- Description of the task
In your copy, leave out the pictures and output only the lines from the one holding "Charming Hedgesville Retreat" through the end of the data below, exactly.

- Provided records

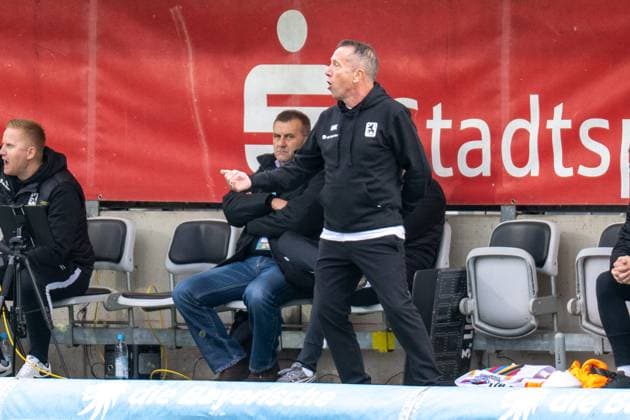 Head coach Markus Kauczinski TSV 1860 Muenchen gives instructions, TSV 1860 Muenchen vs MSV Duisburg, 3 Liga, 11 Matchday, 19 10 2025 DFB regulations prohibit any use of photographs as image sequences and or quasi video Muenchen Bayern Germany Copyright: xkolbert-press UlrichxGamelx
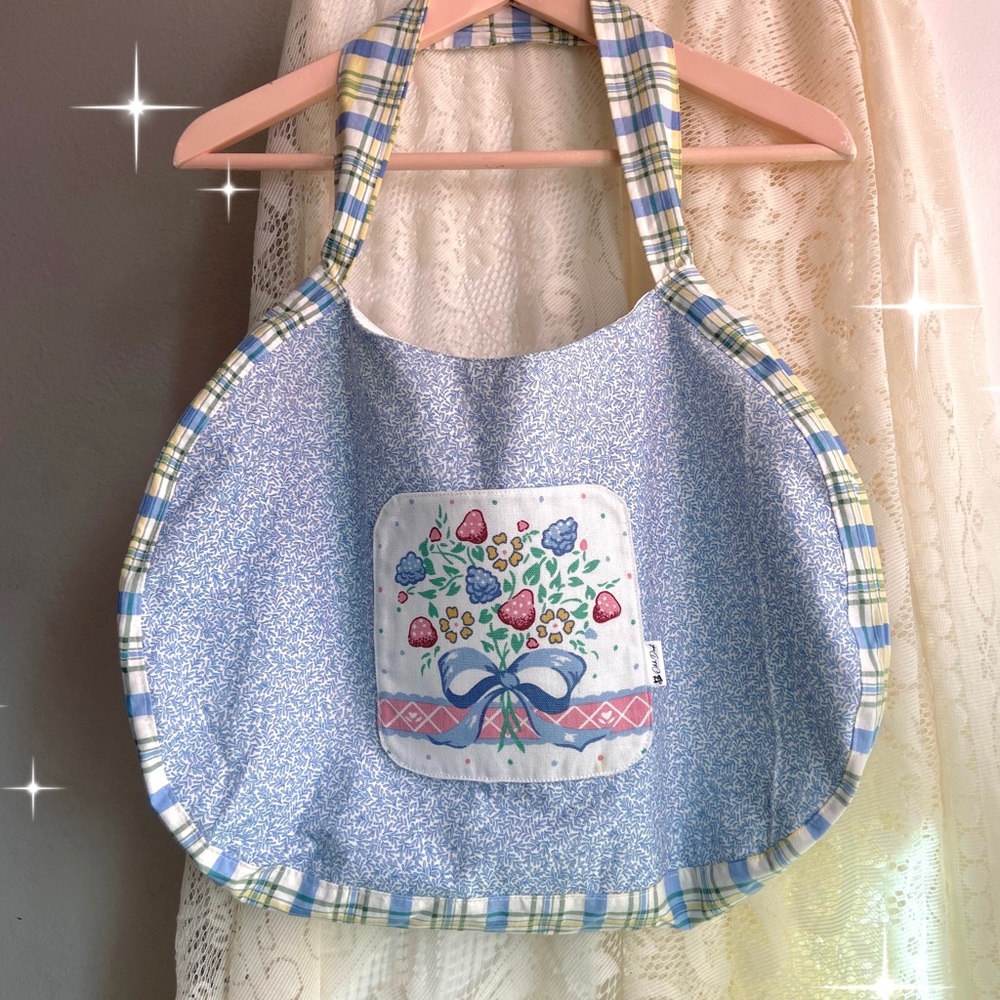 1o1 berry bouquet large round Tote bag 💐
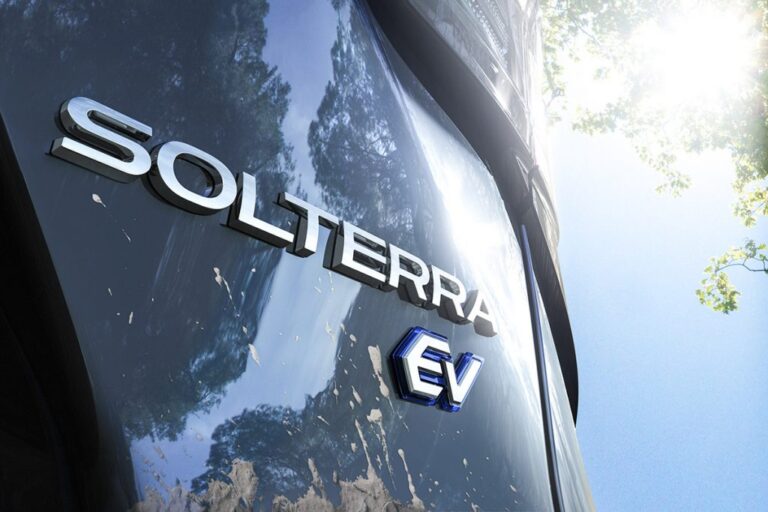 El modelo Solterra reinventa la relación del conductor con la carretera, a través de la utilización de la alta tecnología y la pasión por la aventura.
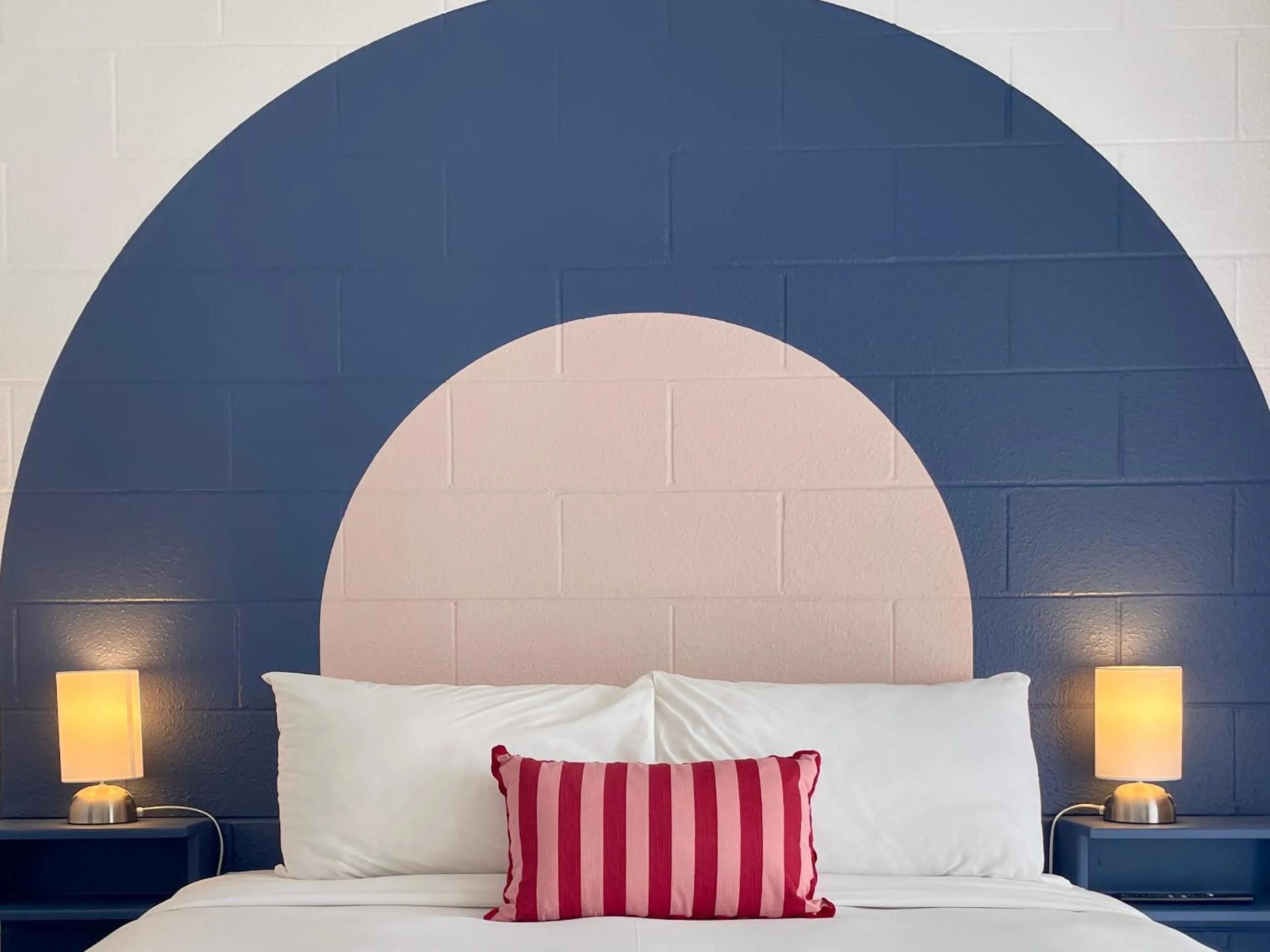 Bed in Mount Eden Motel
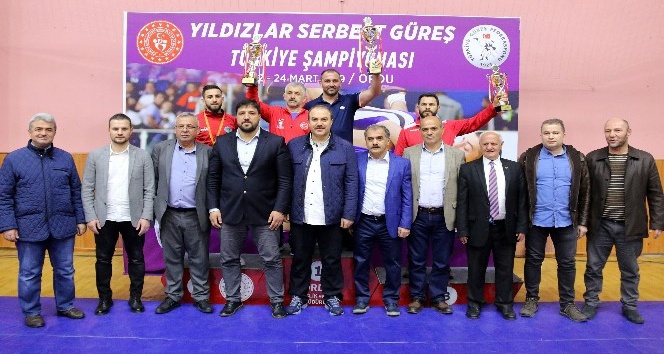 Türkiye Yıldızlar Serbest Güreş Şampiyonası sona erdi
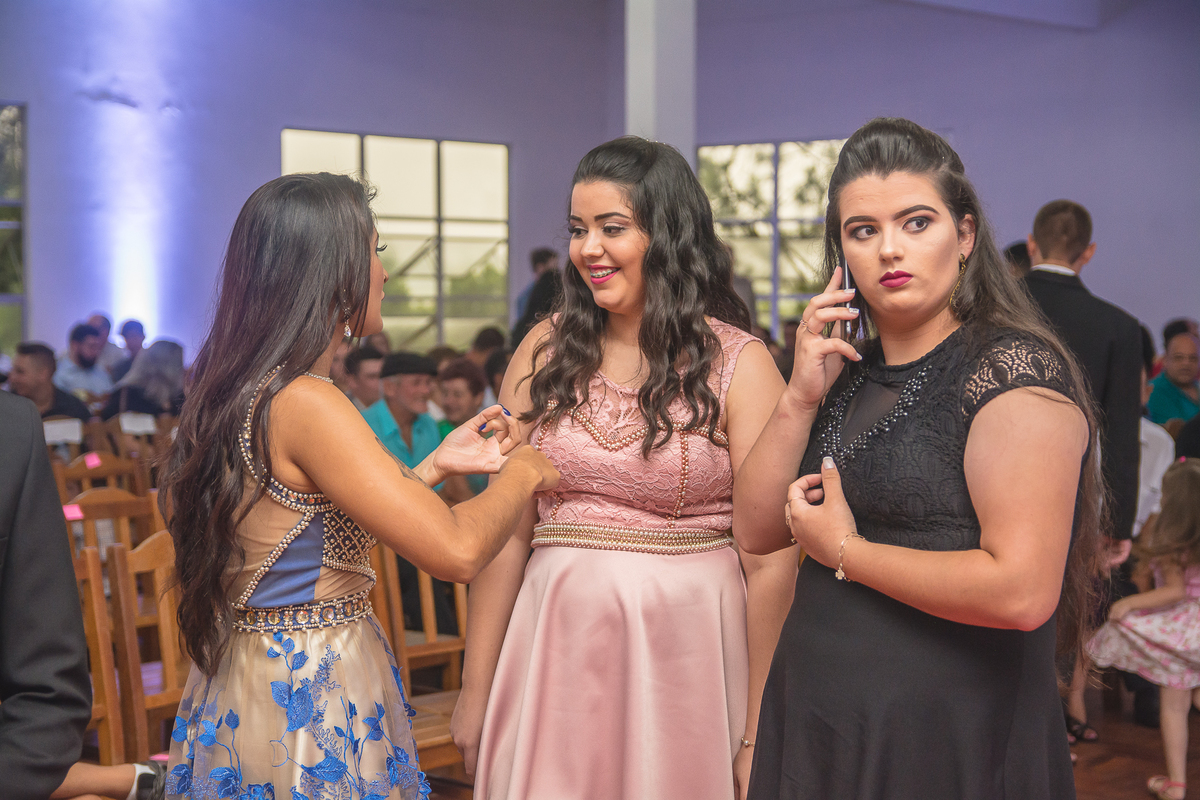 Formandas esperando a formatura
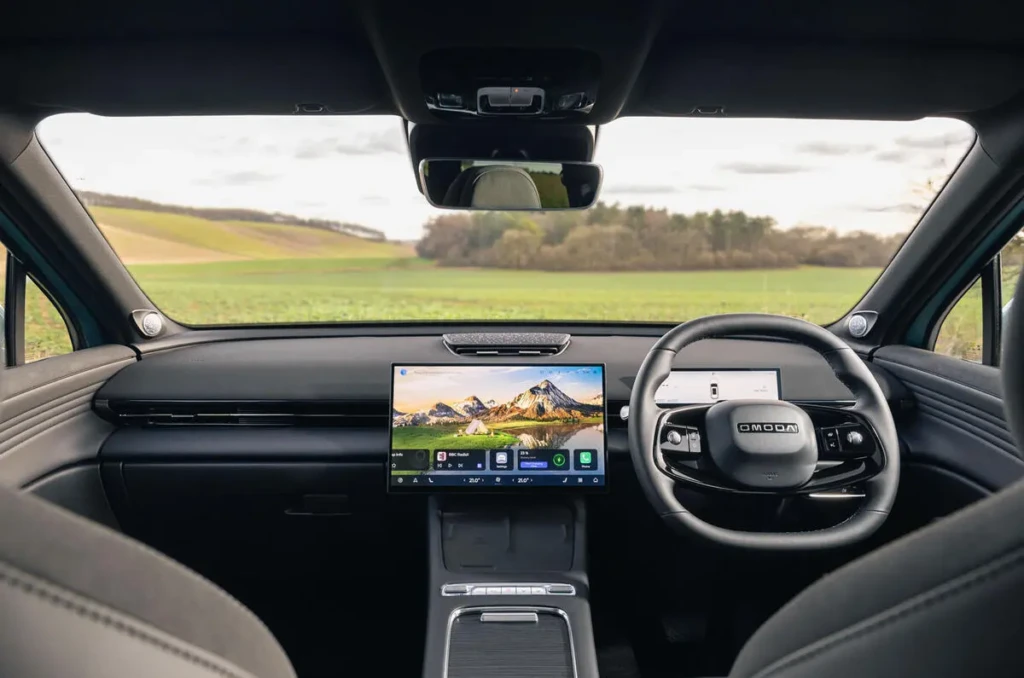 Салон Omoda 7: мінімалістична передня панель, великий центральний екран мультимедіа та кермо, вигляд з переднього ряду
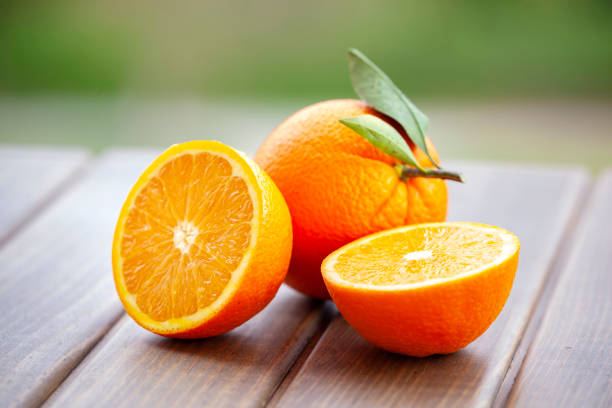 oranges sur le fond en bois - healthy eating orange ingredient raw photos et images de collection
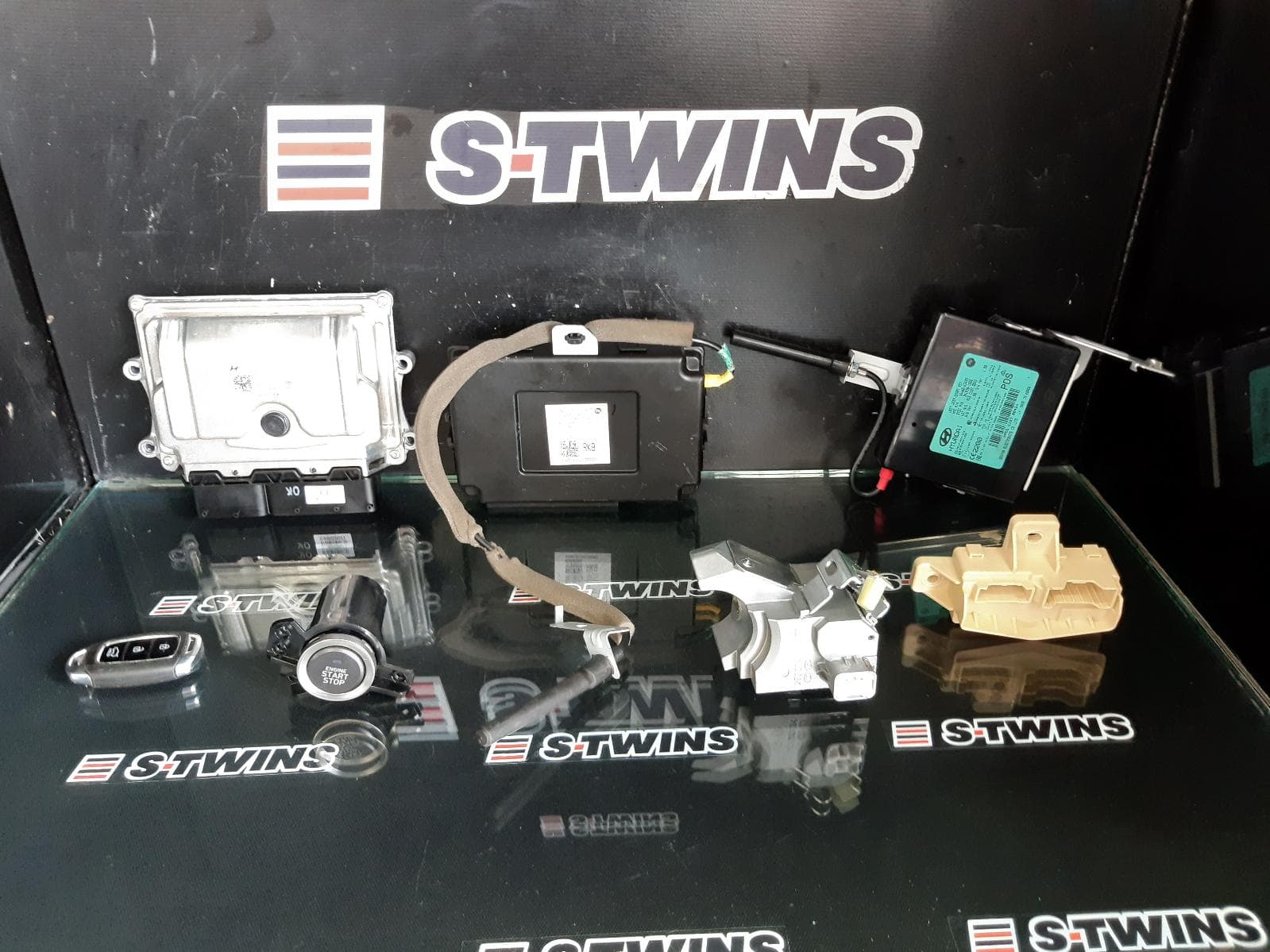 Used auto part listing image: 2019 HYUNDAI I30 ENGINE ECU, 1.6, PETROL, TURBO, SEC SET (ECU/IMM/READER/KEY), PD, 03/17- 0000189000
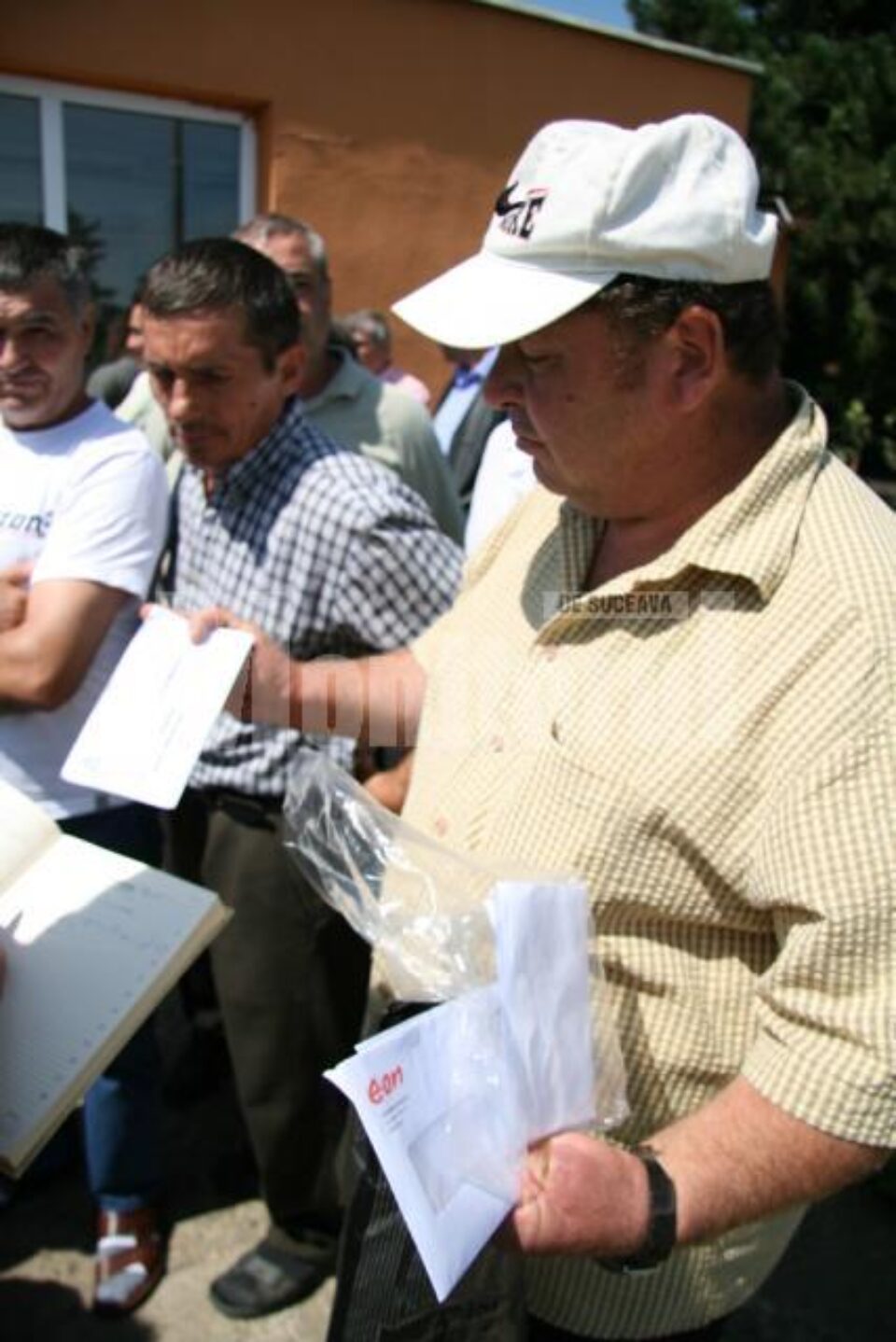 Protest: 30 de foști angajați ai lui Duduman își cer drepturile salariale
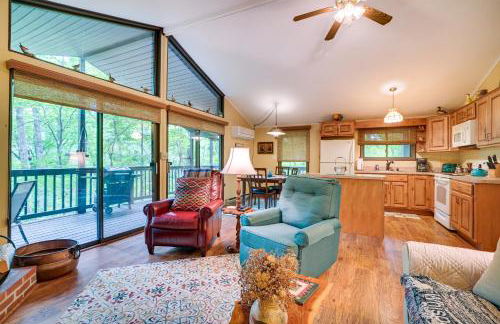 Charming Hedgesville Retreat with Deck and Fireplace! - Foto 6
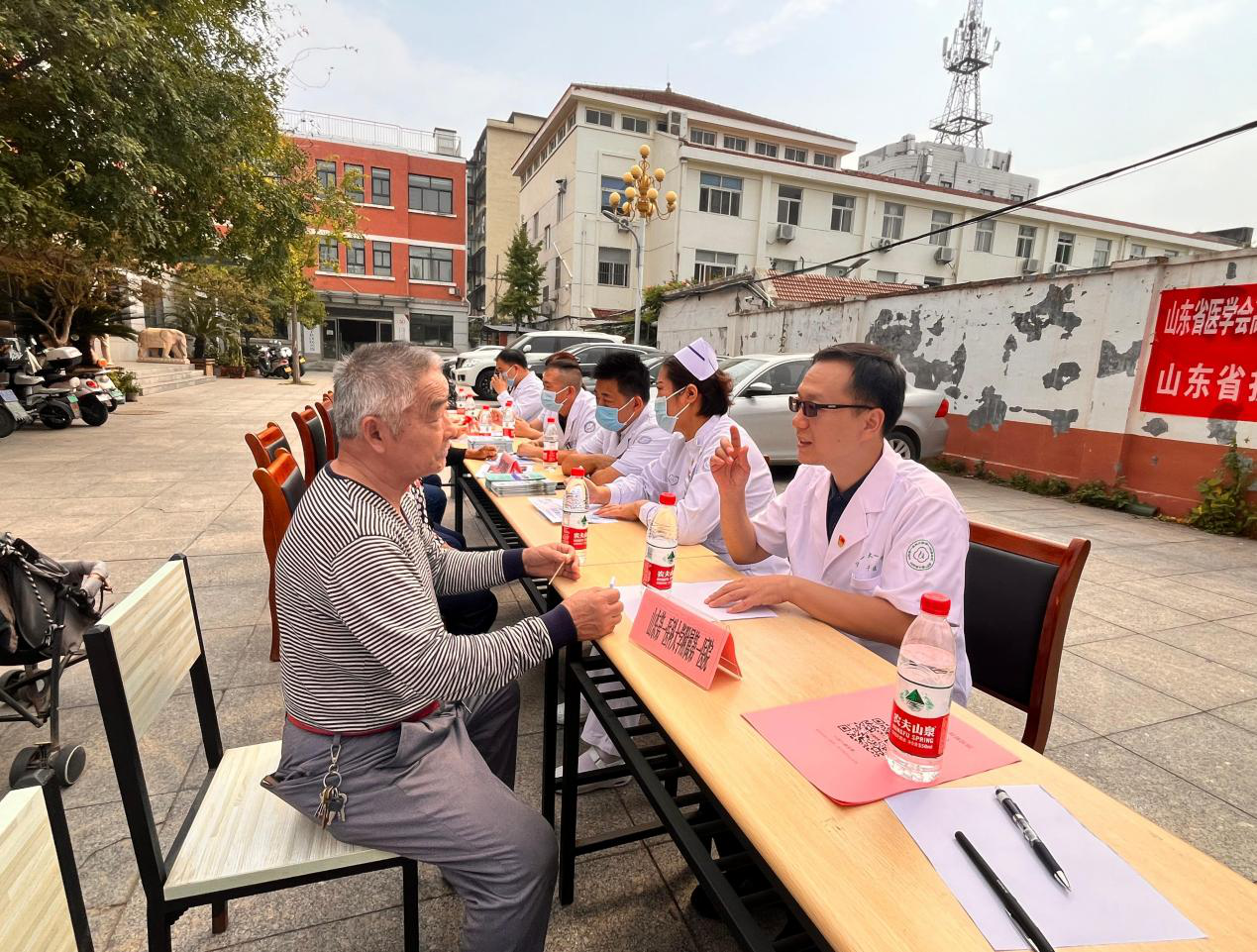 山东省医学会高压氧医学分会开展系列科普义诊主题党日活动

- Exercise result
 Charming Hedgesville Retreat with Deck and Fireplace! - Foto 6
 山东省医学会高压氧医学分会开展系列科普义诊主题党日活动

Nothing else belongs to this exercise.